Moore Shannon R, Saidel Gerald M, Knothe Ulf, Knothe Tate Melissa L
Department of Biomedical Engineering, Case Western Reserve University, Cleveland, Ohio, United States of America.
Department of Orthopaedic Surgery, Cleveland Clinic, Cleveland, Ohio, United States of America.
PLoS Comput Biol. 2014 Jun 26;10(6):e1003604. doi: 10.1371/journal.pcbi.1003604. eCollection 2014 Jun.
The link between mechanics and biology in the generation and the adaptation of bone has been well studied in context of skeletal development and fracture healing. Yet, the prediction of tissue genesis within - and the spatiotemporal healing of - postnatal defects, necessitates a quantitative evaluation of mechano-biological interactions using experimental and clinical parameters. To address this current gap in knowledge, this study aims to develop a mechanistic mathematical model of tissue genesis using bone morphogenetic protein (BMP) to represent of a class of factors that may coordinate bone healing. Specifically, we developed a mechanistic, mathematical model to predict the dynamics of tissue genesis by periosteal progenitor cells within a long bone defect surrounded by periosteum and stabilized via an intramedullary nail. The emergent material properties and mechanical environment associated with nascent tissue genesis influence the strain stimulus sensed by progenitor cells within the periosteum. Using a mechanical finite element model, periosteal surface strains are predicted as a function of emergent, nascent tissue properties. Strains are then input to a mechanistic mathematical model, where mechanical regulation of BMP-2 production mediates rates of cellular proliferation, differentiation and tissue production, to predict healing outcomes. A parametric approach enables the spatial and temporal prediction of endochondral tissue regeneration, assessed as areas of cartilage and mineralized bone, as functions of radial distance from the periosteum and time. Comparing model results to histological outcomes from two previous studies of periosteum-mediated bone regeneration in a common ovine model, it was shown that mechanistic models incorporating mechanical feedback successfully predict patterns (spatial) and trends (temporal) of bone tissue regeneration. The novel model framework presented here integrates a mechanistic feedback system based on the mechanosensitivity of periosteal progenitor cells, which allows for modeling and prediction of tissue regeneration on multiple length and time scales. Through combination of computational, physical and engineering science approaches, the model platform provides a means to test new hypotheses in silico and to elucidate conditions conducive to endogenous tissue genesis. Next generation models will serve to unravel intrinsic differences in bone genesis by endochondral and intramembranous mechanisms.

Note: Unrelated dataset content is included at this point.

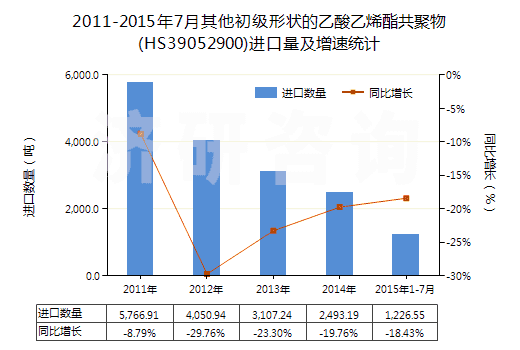 2011-2015年7月其他初級(jí)形狀的乙酸乙烯酯共聚物(HS39052900)進(jìn)口量及增速統(tǒng)計(jì)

在骨骼发育和骨折愈合的背景下,骨骼生成与适应过程中力学与生物学之间的联系已得到充分研究。然而,要预测出生后缺损部位的组织生成以及时空愈合情况,就需要利用实验和临床参数对机械生物学相互作用进行定量评估。为填补当前这一知识空白,本研究旨在开发一种机械数学模型,该模型利用骨形态发生蛋白(BMP)来代表一类可能协调骨愈合的因子,以此预测组织生成情况。具体而言,我们构建了一个机械数学模型,用于预测在被骨膜包围并通过髓内钉固定的长骨缺损中,骨膜祖细胞的组织生成动态。与新生组织生成相关的新兴材料特性和力学环境会影响骨膜内祖细胞所感知的应变刺激。利用机械有限元模型,可根据新兴的新生组织特性预测骨膜表面应变。然后将应变输入到一个机械数学模型中,在该模型中,BMP - 2产生的机械调节介导细胞增殖、分化和组织生成速率,从而预测愈合结果。一种参数化方法能够根据距骨膜的径向距离和时间,对软骨内组织再生进行空间和时间预测,再生情况通过软骨和矿化骨的面积来评估。将模型结果与之前在一个常见绵羊模型中进行的两项骨膜介导骨再生研究的组织学结果进行比较,结果表明,纳入机械反馈的机械模型成功预测了骨组织再生的模式(空间)和趋势(时间)。这里提出的新型模型框架整合了一个基于骨膜祖细胞机械敏感性的机械反馈系统,该系统能够在多个长度和时间尺度上对组织再生进行建模和预测。通过结合计算、物理和工程科学方法,该模型平台提供了一种在计算机上测试新假设并阐明有利于内源性组织生成条件的手段。下一代模型将有助于揭示软骨内和成膜内机制在骨生成方面的内在差异。